**Work item:**
Take the line containing "Klassieke kamer, 1" and every line after it to the end of the data, and write them out exactly as they appear.

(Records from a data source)
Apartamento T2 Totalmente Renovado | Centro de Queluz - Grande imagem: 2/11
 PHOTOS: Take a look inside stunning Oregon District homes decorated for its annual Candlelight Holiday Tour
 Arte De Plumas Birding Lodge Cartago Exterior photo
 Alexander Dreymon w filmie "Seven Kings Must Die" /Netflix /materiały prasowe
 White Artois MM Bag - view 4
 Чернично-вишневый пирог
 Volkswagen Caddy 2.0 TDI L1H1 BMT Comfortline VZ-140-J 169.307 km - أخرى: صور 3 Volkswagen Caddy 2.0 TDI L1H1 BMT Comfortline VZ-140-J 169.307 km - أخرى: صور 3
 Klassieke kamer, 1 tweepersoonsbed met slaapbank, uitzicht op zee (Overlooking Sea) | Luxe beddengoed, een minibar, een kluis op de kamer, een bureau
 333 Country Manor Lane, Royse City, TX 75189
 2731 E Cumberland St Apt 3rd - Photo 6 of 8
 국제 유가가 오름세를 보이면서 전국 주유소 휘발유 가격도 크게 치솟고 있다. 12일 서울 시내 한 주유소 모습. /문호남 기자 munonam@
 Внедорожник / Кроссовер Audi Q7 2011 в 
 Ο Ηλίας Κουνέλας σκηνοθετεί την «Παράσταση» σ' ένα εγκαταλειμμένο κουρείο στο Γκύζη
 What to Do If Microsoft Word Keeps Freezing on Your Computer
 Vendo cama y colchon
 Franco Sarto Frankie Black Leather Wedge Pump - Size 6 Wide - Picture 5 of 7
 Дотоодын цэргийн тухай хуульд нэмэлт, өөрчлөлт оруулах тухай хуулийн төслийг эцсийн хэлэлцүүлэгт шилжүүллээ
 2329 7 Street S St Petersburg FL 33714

**Written solution:**
 Klassieke kamer, 1 tweepersoonsbed met slaapbank, uitzicht op zee (Overlooking Sea) | Luxe beddengoed, een minibar, een kluis op de kamer, een bureau
 333 Country Manor Lane, Royse City, TX 75189
 2731 E Cumberland St Apt 3rd - Photo 6 of 8
 국제 유가가 오름세를 보이면서 전국 주유소 휘발유 가격도 크게 치솟고 있다. 12일 서울 시내 한 주유소 모습. /문호남 기자 munonam@
 Внедорожник / Кроссовер Audi Q7 2011 в 
 Ο Ηλίας Κουνέλας σκηνοθετεί την «Παράσταση» σ' ένα εγκαταλειμμένο κουρείο στο Γκύζη
 What to Do If Microsoft Word Keeps Freezing on Your Computer
 Vendo cama y colchon
 Franco Sarto Frankie Black Leather Wedge Pump - Size 6 Wide - Picture 5 of 7
 Дотоодын цэргийн тухай хуульд нэмэлт, өөрчлөлт оруулах тухай хуулийн төслийг эцсийн хэлэлцүүлэгт шилжүүллээ
 2329 7 Street S St Petersburg FL 33714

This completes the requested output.